ReturnShield AIDocumentationProduct Risk Scoring

Product Risk Scoring

Every product in your catalog receives a risk score from 0 to 100. The score is not a return rate — it is a composite signal that combines return frequency, complaint clarity, trend direction, and fix potential. A product with a 25% return rate and no actionable signal scores lower than a product with a 15% rate and 30 consistent return notes all describing the same problem. The higher-scoring product has a clear, fixable issue that the AI can act on.

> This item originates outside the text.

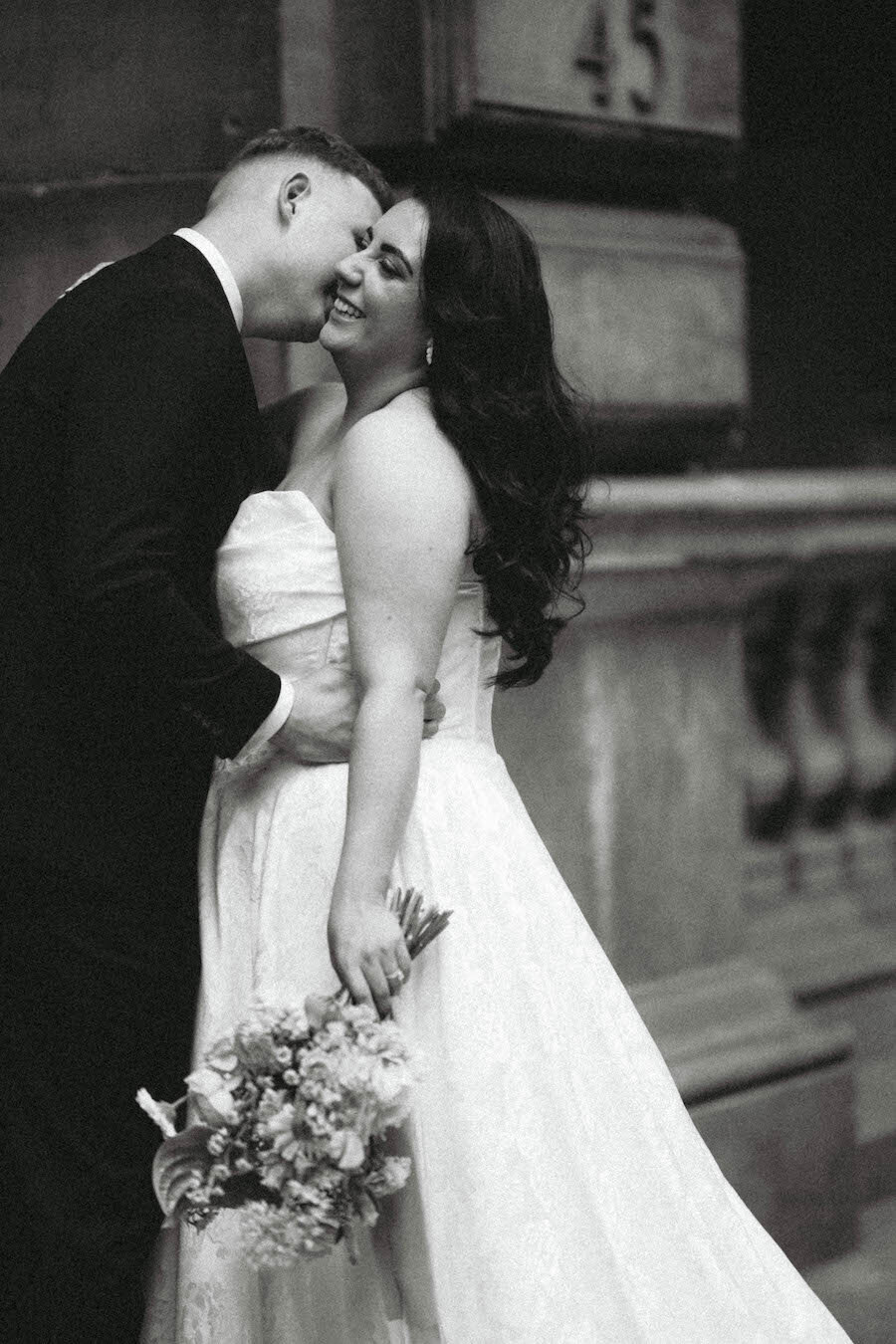 Nicola-Campbell-Romantic-Wedding-Photographer-Scotland-23-Montrose-Street-Katy&James-28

Product risk scoring table showing high-risk items with breakdown details


The 0–100 Score Explained

Risk scores are divided into three tiers:

| Range | Label | Color | What it means | |---|---|---|---| | 70–100 | High risk | Red | Significant return rate problem, usually with identifiable root cause | | 40–69 | Medium risk | Amber | Return rate above category average; worth monitoring and investigating | | 0–39 | Low risk | Green | Return rate at or below category average; no significant issue detected |

The score updates daily as new return data flows in. A product's score can move between tiers within a week if a sudden batch of returns arrives or if an applied fix starts reducing the return rate.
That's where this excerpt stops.